Building on Torrence’s article, I suggest that honesty with PEDs in ultrarunning does not have an absolute, universal nature. That is to say, honesty is absolutely necessary, but honesty does not have an absolute measure. Honesty is contingent and depends on our customs and rules, and this brings us back to how we define the PEDs. In Torrence’s article, Torrence defined PEDs by listing a broad range of examples. Rather than list PEDs by example, however, I propose to consider Oxford ethicist Julian Savulescu’s classification of the most common substances used by athletes today ( In light of these classifications, we can envision a reasonable argument for why ultrarunning should consider permitting PEDs that fall within the first two categories below:

  • Physiological Doping I (PD I): enhancing normal physiology in training and recovery—this class of substances includes some anabolic steroids such as testosterone and growth hormone
  • Physiological Doping II (PD II): enhancing normal physiology in competition—this class includes blood doping and EPO, both of which improve the flow of oxygen through the bloodstream.
  • Non-Physiological Doping (NPD): enhancing via unnatural substances to modify normal physiology during training, recovery, and in competition. This category includes beta-blockers, diuretics, painkillers, anti-inflammatory drugs, cognitive boosters (i.e., methylphenidate, modafinil, cocaine, and amphetamines), etc.
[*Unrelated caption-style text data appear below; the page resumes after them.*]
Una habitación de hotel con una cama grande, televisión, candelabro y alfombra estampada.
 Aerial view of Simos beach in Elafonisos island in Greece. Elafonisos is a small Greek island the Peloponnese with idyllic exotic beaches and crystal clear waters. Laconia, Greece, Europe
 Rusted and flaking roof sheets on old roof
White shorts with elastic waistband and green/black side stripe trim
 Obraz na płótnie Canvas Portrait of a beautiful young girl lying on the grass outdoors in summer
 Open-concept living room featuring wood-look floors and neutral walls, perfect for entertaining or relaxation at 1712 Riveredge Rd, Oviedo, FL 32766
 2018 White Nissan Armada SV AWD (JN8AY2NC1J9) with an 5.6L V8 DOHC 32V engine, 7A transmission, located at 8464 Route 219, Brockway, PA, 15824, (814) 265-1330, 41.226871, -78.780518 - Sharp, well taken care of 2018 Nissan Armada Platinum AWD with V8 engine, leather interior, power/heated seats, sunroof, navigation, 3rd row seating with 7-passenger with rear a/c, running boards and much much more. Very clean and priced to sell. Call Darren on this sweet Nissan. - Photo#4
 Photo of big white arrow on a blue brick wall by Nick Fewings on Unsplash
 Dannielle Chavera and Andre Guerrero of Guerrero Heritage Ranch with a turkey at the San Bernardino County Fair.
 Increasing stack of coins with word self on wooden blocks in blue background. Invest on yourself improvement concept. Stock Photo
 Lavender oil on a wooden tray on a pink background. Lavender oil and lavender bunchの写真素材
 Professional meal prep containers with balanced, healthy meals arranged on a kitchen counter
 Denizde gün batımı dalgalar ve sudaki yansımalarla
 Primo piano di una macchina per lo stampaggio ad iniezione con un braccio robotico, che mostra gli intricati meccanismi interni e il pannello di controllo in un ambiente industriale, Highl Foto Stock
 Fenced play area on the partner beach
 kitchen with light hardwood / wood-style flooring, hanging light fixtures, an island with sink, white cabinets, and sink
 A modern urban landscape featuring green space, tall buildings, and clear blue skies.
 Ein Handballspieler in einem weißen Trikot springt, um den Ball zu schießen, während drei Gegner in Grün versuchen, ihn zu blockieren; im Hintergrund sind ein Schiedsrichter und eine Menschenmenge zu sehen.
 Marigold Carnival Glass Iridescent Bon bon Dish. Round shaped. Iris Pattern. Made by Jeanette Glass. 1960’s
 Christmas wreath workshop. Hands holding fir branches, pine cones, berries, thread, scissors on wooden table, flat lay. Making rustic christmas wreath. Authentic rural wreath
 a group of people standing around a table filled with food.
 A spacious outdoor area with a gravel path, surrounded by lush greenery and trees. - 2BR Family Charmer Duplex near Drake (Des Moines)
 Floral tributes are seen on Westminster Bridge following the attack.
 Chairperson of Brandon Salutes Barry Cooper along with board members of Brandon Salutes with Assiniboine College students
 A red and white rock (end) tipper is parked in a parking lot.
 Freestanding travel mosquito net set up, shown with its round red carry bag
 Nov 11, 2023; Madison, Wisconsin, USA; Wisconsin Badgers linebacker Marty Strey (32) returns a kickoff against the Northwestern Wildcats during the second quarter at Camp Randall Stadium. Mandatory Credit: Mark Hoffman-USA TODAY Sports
The basic function of PD I & II is to enhance the abilities of an athlete that are naturally present, whereas NPD involves foreign substances that incidentally are easier to detect through blood and urine tests. Importantly, PD I & II are “add-on” and not “substitutionary” enhancements, meaning that an athlete will gain little from passive use of PD I & II. The athlete must remain active, putting in every possible minute of training and work to remain at the top of her/his potential. Absolutely, PD I & II will increase the benefits from such training, but it’s not right to think that the effort of these athletes can decrease. PD I & II offer additive gains that do not substitute for the courage and commitment needed to train for competitive ranks of ultrarunning. This is vital for considering the possibility of permitting some PEDs while maintaining the right spirit of competition in ultrarunning.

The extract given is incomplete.